A recursive descent parser is an approach to parsing languages that has relatively simple grammars [1,4].

It is a top-down parser, a type of parser that begins with start symbol of the grammar and seeks to determine the parse tree by working down the levels of the parse tree toward the program (i.e., sentence).

By contrast, a bottom-up parser first recognizes the low-level syntactic units of the grammar and builds the parse tree upward from these leaves toward the root (i.e., start symbol). Bottom-up parsers support a wider range of grammars and tend to be more efficient for production compilers. However, their development tends to be less intuitive and more complex. We leave discussion of these parsers to courses on compiler construction.

A recursive descent parser consists of a set of mutually recursive functions. It typically includes one hand-coded function for each nonterminal of the grammar and one clause for each production for that nonterminal.

The recursive descent approach works well when the grammar can be transformed into an LL(k) (especially LL(1)) grammar [3]. Discussion of these techniques are left to courses on compiler construction.

For an LL(1) grammar, we can write recursive descent parsers that can avoid backtracking to an earlier point in the parse to start down another path.

For example, consider a simple grammar with with rules:

    S ::= A | B 
    A ::= C D 
    B ::= { E }  -- zero or more occurrence of E 
    C ::= [ F ]  -- zero or one occurrence of F 
    D ::= '1' | '@' S 
    E ::= '3'
    F ::= '2'

Consider the nonterminal S, which has alternatives A and B.

Alternative A can begin with terminal symbols 1, 2, or @.
Alternaive B can begin with terminal symbol 3 or be empty.

These sets of first symbols are disjoint, so the parser can distinguish among the alternatives based on the first terminal symbol. (Hence, the grammar is backtrack-free.)

44.4.1 Constructing recursive descent parsers

A simple recognizer for the grammar above could include functions similar to those shown below. We consider the five different situations for nonterminals S, A, B, C, and E.

In the Haskell code, a parsing function takes a String with the text of the expression to be processed and returns a tuple (Bool,String) where the first component indicates whether or not the parser succeeded (i.e., the output of the parse) and the second component gives the new state of the input.

If the first component is True, then the second component holds the input remaining after the parse.

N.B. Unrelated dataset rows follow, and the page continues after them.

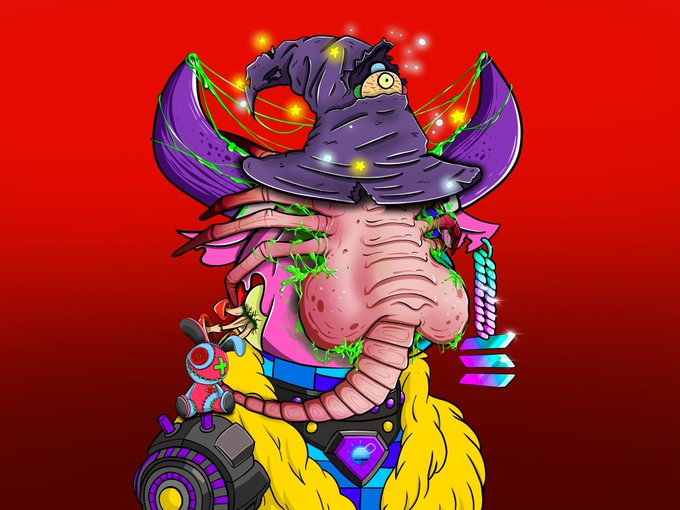Digital illustration of a fantasy creature resembling a female elephant with a wizard hat, bat-like wings, and a mechanical weapon against a red background.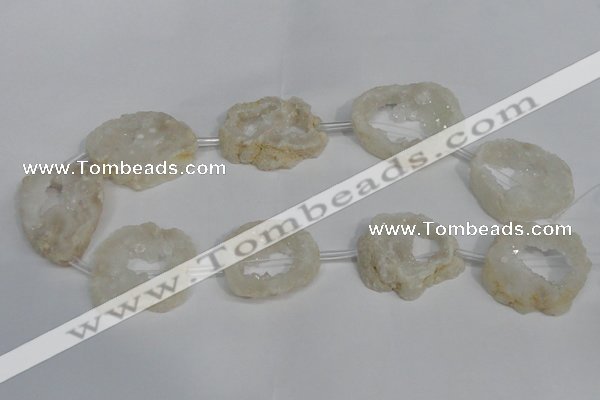 CNG1560 30*35mm - 35*40mm freeform plated druzy agate beads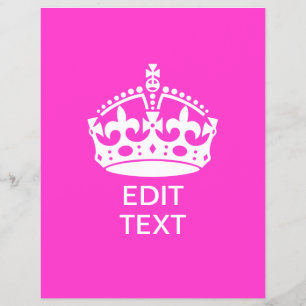 Prospectus 21,6 Cm X 24,94 Cm Your Text on Keep Calm Crown Hot Pink
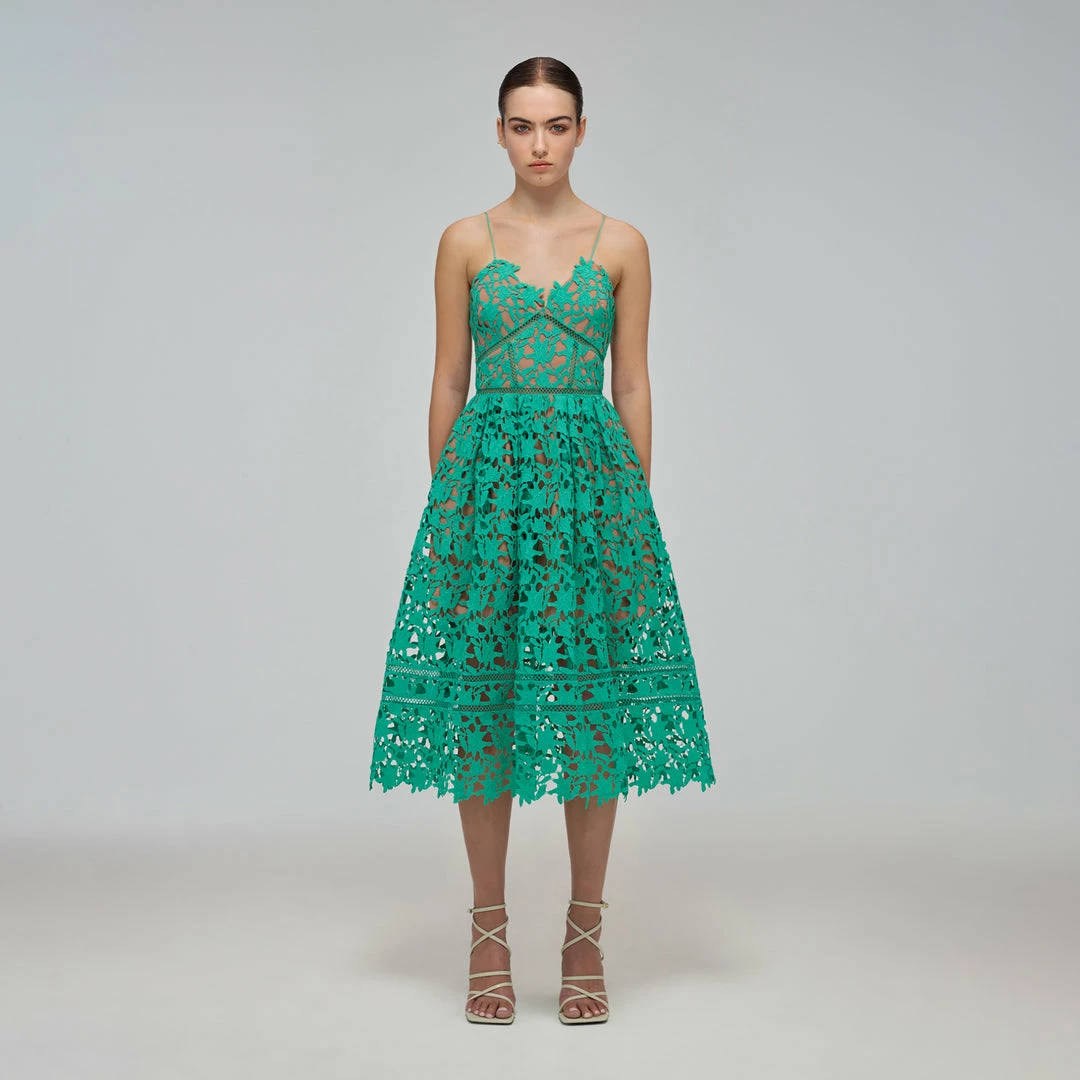 Self-portrait Spearmint Azaelea Midi Dress READY TO WEAR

If the first component is False, then the second component is the remaining part of the input to be processed after the parser failed.

Of course, instead of strings, the parser could work on lists of tokens or other symbols.

Alternatives: S ::= A | B

    parseS :: String -> (Bool,String)  -- A | B
    parseS xs = 
        case parseA xs of              -- try A
            (True,  ys) -> (True, ys)  -- A succeeds
            (False, _ ) ->
                case parseB xs of      -- else try B 
                    (True, ys) -> (True,  ys) -- B succeeds
                    (False, _) -> (False, xs) -- both A & B fail

Function parseS succeeds whenever any alternative succeeds. Otherwise, it continues to check subsequent alternatives. It fails if the final alternative fails.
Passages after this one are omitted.